──────── Raw data ────────

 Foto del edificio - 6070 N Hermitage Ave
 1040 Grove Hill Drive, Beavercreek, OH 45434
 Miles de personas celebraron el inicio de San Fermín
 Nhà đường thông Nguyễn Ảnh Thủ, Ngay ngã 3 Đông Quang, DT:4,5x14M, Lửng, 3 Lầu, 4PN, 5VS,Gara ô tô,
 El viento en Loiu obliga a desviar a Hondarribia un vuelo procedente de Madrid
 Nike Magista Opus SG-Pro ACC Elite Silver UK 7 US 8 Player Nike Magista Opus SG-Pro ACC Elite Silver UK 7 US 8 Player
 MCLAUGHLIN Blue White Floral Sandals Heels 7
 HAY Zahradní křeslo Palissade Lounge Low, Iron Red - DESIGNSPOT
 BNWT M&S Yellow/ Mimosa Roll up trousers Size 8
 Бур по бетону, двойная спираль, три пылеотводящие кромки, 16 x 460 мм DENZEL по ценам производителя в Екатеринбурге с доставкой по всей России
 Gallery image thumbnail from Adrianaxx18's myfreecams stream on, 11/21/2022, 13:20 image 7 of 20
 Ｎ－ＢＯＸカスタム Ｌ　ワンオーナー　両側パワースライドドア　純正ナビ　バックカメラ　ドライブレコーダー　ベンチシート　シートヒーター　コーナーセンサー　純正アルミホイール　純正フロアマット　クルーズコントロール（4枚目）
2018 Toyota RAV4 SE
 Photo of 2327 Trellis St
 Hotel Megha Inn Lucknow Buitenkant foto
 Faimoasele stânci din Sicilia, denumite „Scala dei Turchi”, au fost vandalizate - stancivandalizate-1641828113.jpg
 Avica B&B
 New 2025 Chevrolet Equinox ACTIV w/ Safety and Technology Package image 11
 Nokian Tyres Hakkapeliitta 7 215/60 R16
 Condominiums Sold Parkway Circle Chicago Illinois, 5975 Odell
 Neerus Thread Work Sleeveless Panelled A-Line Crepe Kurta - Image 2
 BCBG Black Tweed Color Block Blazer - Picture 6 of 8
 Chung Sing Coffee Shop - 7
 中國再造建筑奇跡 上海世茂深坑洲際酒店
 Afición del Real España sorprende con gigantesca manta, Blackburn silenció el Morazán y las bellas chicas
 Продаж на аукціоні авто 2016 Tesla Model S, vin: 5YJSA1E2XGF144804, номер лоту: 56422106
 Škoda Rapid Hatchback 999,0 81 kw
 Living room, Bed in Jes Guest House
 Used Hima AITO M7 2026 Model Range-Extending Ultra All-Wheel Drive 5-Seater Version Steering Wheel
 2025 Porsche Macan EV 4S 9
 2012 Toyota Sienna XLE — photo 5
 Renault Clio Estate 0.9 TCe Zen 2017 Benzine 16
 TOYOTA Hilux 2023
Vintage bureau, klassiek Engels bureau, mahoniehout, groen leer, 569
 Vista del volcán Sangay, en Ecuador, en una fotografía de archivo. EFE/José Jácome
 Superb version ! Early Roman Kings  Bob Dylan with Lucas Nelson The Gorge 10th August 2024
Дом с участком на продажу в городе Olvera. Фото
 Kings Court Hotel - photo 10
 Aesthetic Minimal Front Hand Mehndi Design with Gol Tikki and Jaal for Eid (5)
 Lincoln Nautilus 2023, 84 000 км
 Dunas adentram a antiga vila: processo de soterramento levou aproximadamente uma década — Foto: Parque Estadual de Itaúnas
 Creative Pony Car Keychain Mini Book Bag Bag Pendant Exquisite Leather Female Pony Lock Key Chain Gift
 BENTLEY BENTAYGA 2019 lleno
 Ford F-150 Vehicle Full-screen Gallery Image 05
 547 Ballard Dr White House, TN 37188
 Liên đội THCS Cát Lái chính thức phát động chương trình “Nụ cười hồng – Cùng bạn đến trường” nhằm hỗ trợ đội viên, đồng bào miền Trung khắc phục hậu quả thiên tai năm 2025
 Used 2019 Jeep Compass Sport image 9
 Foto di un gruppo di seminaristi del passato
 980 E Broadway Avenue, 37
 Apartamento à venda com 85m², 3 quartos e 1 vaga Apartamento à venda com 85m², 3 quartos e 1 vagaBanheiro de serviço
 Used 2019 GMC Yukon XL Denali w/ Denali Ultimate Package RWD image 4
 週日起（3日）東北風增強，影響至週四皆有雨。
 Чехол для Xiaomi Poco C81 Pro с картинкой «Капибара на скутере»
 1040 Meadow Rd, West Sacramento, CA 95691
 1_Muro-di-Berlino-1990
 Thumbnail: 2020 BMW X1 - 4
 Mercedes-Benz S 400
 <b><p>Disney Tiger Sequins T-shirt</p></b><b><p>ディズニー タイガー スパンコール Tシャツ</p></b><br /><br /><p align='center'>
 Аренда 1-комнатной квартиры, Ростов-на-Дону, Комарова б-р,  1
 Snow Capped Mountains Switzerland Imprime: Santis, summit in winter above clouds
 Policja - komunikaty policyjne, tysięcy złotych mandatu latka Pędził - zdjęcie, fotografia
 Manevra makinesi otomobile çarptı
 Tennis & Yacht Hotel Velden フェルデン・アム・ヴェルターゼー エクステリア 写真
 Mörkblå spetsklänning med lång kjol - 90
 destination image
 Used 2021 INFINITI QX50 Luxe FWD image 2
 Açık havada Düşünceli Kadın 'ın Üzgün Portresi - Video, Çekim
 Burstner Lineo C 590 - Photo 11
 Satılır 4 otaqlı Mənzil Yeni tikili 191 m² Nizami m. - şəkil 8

────────

Assignment: Where the data above reaches the line holding "2012 Toyota Sienna XLE — photo 5", begin printing, and stop after the line holding "Aesthetic Minimal Front". Each line must be reproduced exactly, with nothing else added.

Problem solution:
 2012 Toyota Sienna XLE — photo 5
 Renault Clio Estate 0.9 TCe Zen 2017 Benzine 16
 TOYOTA Hilux 2023
Vintage bureau, klassiek Engels bureau, mahoniehout, groen leer, 569
 Vista del volcán Sangay, en Ecuador, en una fotografía de archivo. EFE/José Jácome
 Superb version ! Early Roman Kings  Bob Dylan with Lucas Nelson The Gorge 10th August 2024
Дом с участком на продажу в городе Olvera. Фото
 Kings Court Hotel - photo 10
 Aesthetic Minimal Front Hand Mehndi Design with Gol Tikki and Jaal for Eid (5)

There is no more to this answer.